Ambiguous dates are parsed as day first D/M/Y where there are values in front of the year and day last Y/M/D where there are values after the year.

Examples:

# Parse dates
assert parse_date("20/02/2013") == datetime(2013, 2, 20, 0, 0)
assert parse_date("20/02/2013", "%d/%m/%Y") == datetime(2013, 2, 20, 0, 0)

# Parse date ranges
parse_date_range("20/02/2013")
# == datetime(2013, 2, 20, 0, 0), datetime(2013, 2, 20, 0, 0)
parse_date_range("20/02/2013 10:00:00")
# == datetime(2013, 2, 20, 10, 0), datetime(2013, 2, 20, 10, 0)
parse_date_range("20/02/2013 10:00:00", zero_time=True)
# == datetime(2013, 2, 20, 0, 0), datetime(2013, 2, 20, 0, 0)
parse_date_range("20/02/2013", "%d/%m/%Y")
# == datetime(2013, 2, 20, 0, 0), datetime(2013, 2, 20, 0, 0)
parse_date_range("02/2013")
# == datetime(2013, 2, 1, 0, 0), datetime(2013, 2, 28, 0, 0)
parse_date_range("2013")
# == datetime(2013, 1, 1, 0, 0), datetime(2013, 12, 31, 0, 0)

# Pass dict in fuzzy activates fuzzy matching that allows for looking for dates within a sentence
fuzzy = dict()
parse_date_range("date is 20/02/2013 for this test", fuzzy=fuzzy)
# == datetime(2013, 2, 20, 0, 0), datetime(2013, 2, 20, 0, 0)    
assert fuzzy == {"startdate": datetime(2013, 2, 20, 0, 0), "enddate": datetime(2013, 2, 20, 0, 0), 
                 "nondate": ("date is ", " for this test"), "date": ("20/02/2013",)}
fuzzy = dict()
parse_date_range("date is 02/2013 for this test", fuzzy=fuzzy)
# == datetime(2013, 2, 1, 0, 0), datetime(2013, 2, 28, 0, 0)
assert fuzzy == {"startdate": datetime(2013, 2, 1, 0, 0), "enddate": datetime(2013, 2, 28, 0, 0), 
                 "nondate": ("date is ", " for this test"), "date": ("02/2013",)}

Text processing

Examples:

a = "The quick brown fox jumped over the lazy dog.

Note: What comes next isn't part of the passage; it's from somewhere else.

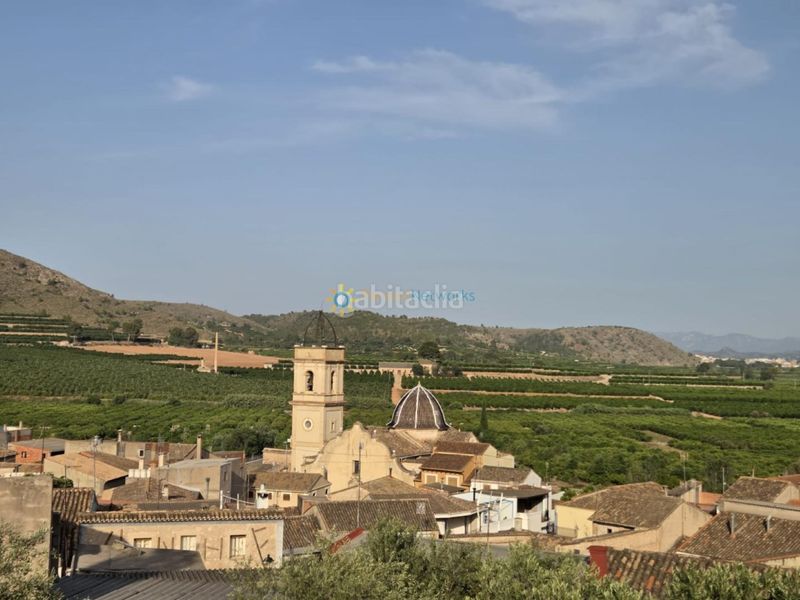 Foto b9860b82-6249-4367-b747-6df23abb62d8. Casa aparellada amb xemeneia a Sumacàrcer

It was so fast!"

# Remove whitespace and punctuation from end of string
assert remove_end_characters('lalala,.,"') == "lalala"
assert remove_end_characters('lalala, .\t/,"', f"{punctuation}{whitespace}" == "lalala"

# Remove list of items from end of string, stripping any whitespace
result = remove_from_end(a, ["fast!", "so"], "Transforming %s -> %s")
assert result == "The quick brown fox jumped over the lazy dog. It was"

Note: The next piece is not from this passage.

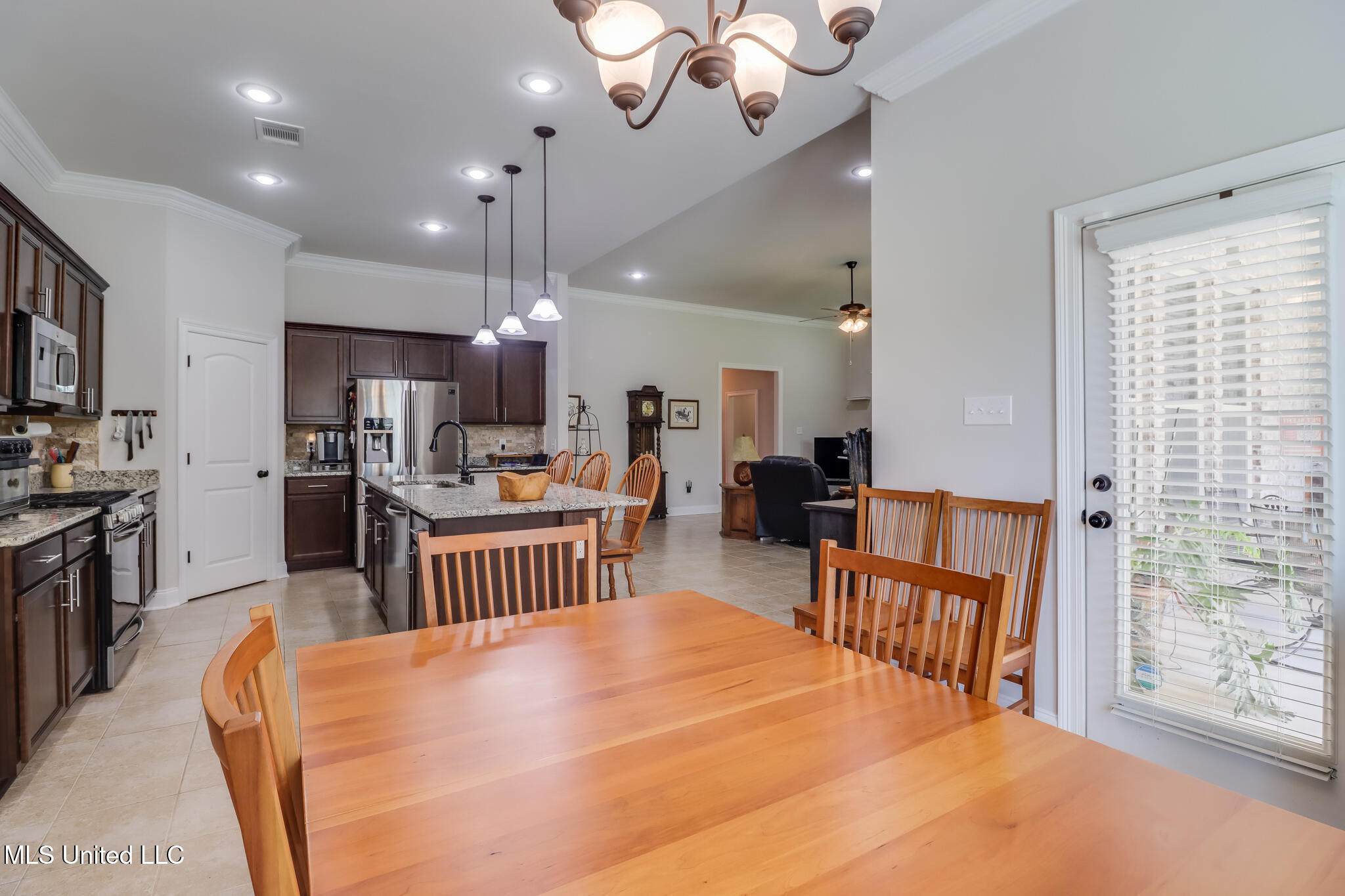 15040 Belhaven Street, Gulfport, Mississippi image 12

# Remove string from another string and delete any preceding end characters - by default 
# punctuation (eg. comma) and any whitespace following the punctuation
assert remove_string("lala, 01/02/2020 ", "01/02/2020") == "lala "
assert remove_string("lala,(01/02/2020) ", "01/02/2020") == "lala) "
assert remove_string("lala, 01/02/2020 ", "01/02/2020", PUNCTUATION_MINUS_BRACKETS) == "lala "
assert remove_string("lala,(01/02/2020) ", "01/02/2020", PUNCTUATION_MINUS_BRACKETS) == "lala,() "

# Replace multiple strings in a string simultaneously
result = multiple_replace(a, {"quick": "slow", "fast": "slow", "lazy": "busy"})
assert result == "The slow brown fox jumped over the busy dog. It was so slow!"

# Extract words from a string sentence into a list
result = get_words_in_sentence("Korea (Democratic People's Republic of)")
assert result == ["Korea", "Democratic", "People's", "Republic", "of"]

# Find matching text in strings
a = "The quick brown fox jumped over the lazy dog. It was so fast!"
b = "The quicker brown fox leapt over the slower fox. It was so fast!"
c = "The quick brown fox climbed over the lazy dog. It was so fast!"
result = get_matching_text([a, b, c], match_min_size=10)
assert result == " brown fox  over the  It was so fast!"

# Search a string for each of a list of strings and return the earliest index
assert earliest_index(a, ["dog", "lala", "fox", "haha", "quick"]) == 4

Encoding utilities

Examples:

# Base 64 encode and decode string
a = "The quick brown fox jumped over the lazy dog. It was so fast!"
b = str_to_base64(a)
c = base64_to_str(b)

Valid UUID

Examples:

assert is_valid_uuid("jpsmith") is False
assert is_valid_uuid("c9bf9e57-1685-4c89-bafb-ff5af830be8a") is True

Easy building and packaging

The pyproject.toml, setup.cfg, .readthedocs.yml and GitHub Actions workflows provide a template that can be used by other projects or libraries.